Thus the tractor detector does not function effectively. The
tractor detector is trained by the user entering tractor and
non-tractor labeled examples to create the proper classifier. When
the detector robustly detects the presence of a tractor in the
scene, the user may cease the detector's training cycle.
[0115] The example discussed in the preceding section describes a
user detector comprising a video camera sensor. The user detector
operation is by no means limited to video sensors. Another
embodiment of the invention discussed in the subsequent section
concerns a user detector configured with an audio sensor to create
a favorite music detector.
[0116] Reference is now made to FIG. 7 which is a simplified block
diagram illustrating a favorite music detector according to another
embodiment of the present invention. An audio input 71 is connected
to the favorite music detector 70 which outputs favorite music
events 72 categorized as jazz, rock, classical music or other types
of music. Initially the detector does not have a set of classifiers
and is incapable of detecting any musical events. The learning
process begins with the user labeling through the GUI, examples of
different styles of music entered through the audio input. The
audio signal of the labeled music examples is analyzed by the
learning unit in order to create a set of classifiers. Subsequently
the favorite music detector is able to identify when the user's
favorite music is played. The user can evaluate the performance of
the favorite music detector and decide to continue entering
favorite music examples. He may thus enhance the favorite music
detector performance by iteratively fine tuning the set of
classifiers using the additional examples. When the evaluated
performance of the favorite music detector is satisfactory, the
learning process is brought to an end.
[0117] A description is provided herein with further detailed
explanation of the mode of operation of the system units, including
mathematical analyses and various embodiments and techniques used
in the learning process. GUI here is only example of possible GUI,
Not necessary rectangle, other object marking types such as
ellipse, free hand are also optional.
[0118] Reference is now made to FIG. 8 which illustrates user
labeling via the GUI in the tractor detector example. The GUI
screens of the initial step of the tractor detector learning
process are illustrated. Rectangle 81 used as an indicator
illustrates a user entering an example of positive data (tractor),
multiple rectangles 82 illustrate negative data of objects which
are not a tractor (non-tractor).
[0119] The rectangles used in this example and the following
examples as indicators do not have to be necessarily rectangles.
Other indicator shapes may be used such as: circles, ellipses,
triangles and more, including freeform shapes, and more generally,
any indicator can be used that clearly indicates both to the user
and to the system the boundaries of an object of interest.

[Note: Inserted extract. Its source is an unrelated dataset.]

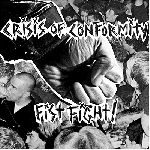 crisis of conformity - fist fight crisis of conformity - fist fight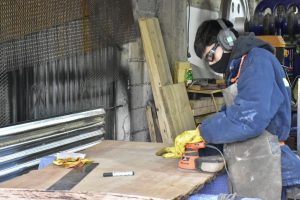 CONTINÚAN LAS ACCIONES DE ENTRENAMIENTO LABORAL PARA JÓVENES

[0120] The GUI screen (a) illustrated on the left side, is used to
label, by the user, a tractor event, a tractor event meaning that a
tractor is present at the scene. A tractor present at the scene is
surrounded by a rectangle and the user enters the data that the
object defined by the rectangle is a tractor, so that both the
presence and the location of the tractor are clearly made known to
the system. The GUI screen (b) illustrated on the right side is
used by the system to label non-tractor events. Labeling
non-tractor events is implemented by rectangles surrounding various
non-tractor regions in the scene and user entering the related
information to the tractor detector. The system learns the tractor
and non tractor labeled examples and creates a set of classifiers
used to differentiate between tractor and non-tractor events. The
created classifiers are used by the tractor detector to identify
the presence of a tractor in the scene. Tractor detector
performance shown is still limited due to the small number of
labeled examples used by the system to create the set of
classifiers. Performance can be substantially improved by the user
entering additional labeled examples and the system iteratively
fine tuning the set of classifiers.
[0121] Reference is now made to FIG. 9 which is an illustration of
GUI screens showing the tractor detector output for different
performance levels cases. The shown performance levels of the
tractor detector have been reached by different sets of examples
used by the learning process. Three screens 9a-9c represent three
phases in system performance and white rectangles indicate
detection of a tractor in the scene.
[0122] Screen (a) depicts the tractor detector performance for a
case in which 31 positive tractor examples and 71 non-tractor
examples have been entered by the user in the learning process. The
multitude of white rectangles 91 in the scene, indicates a low
performance level of the tractor detector in this case, since many
rectangles do not include tractors. Evidently, the number of
labeled examples needs to be increased substantially.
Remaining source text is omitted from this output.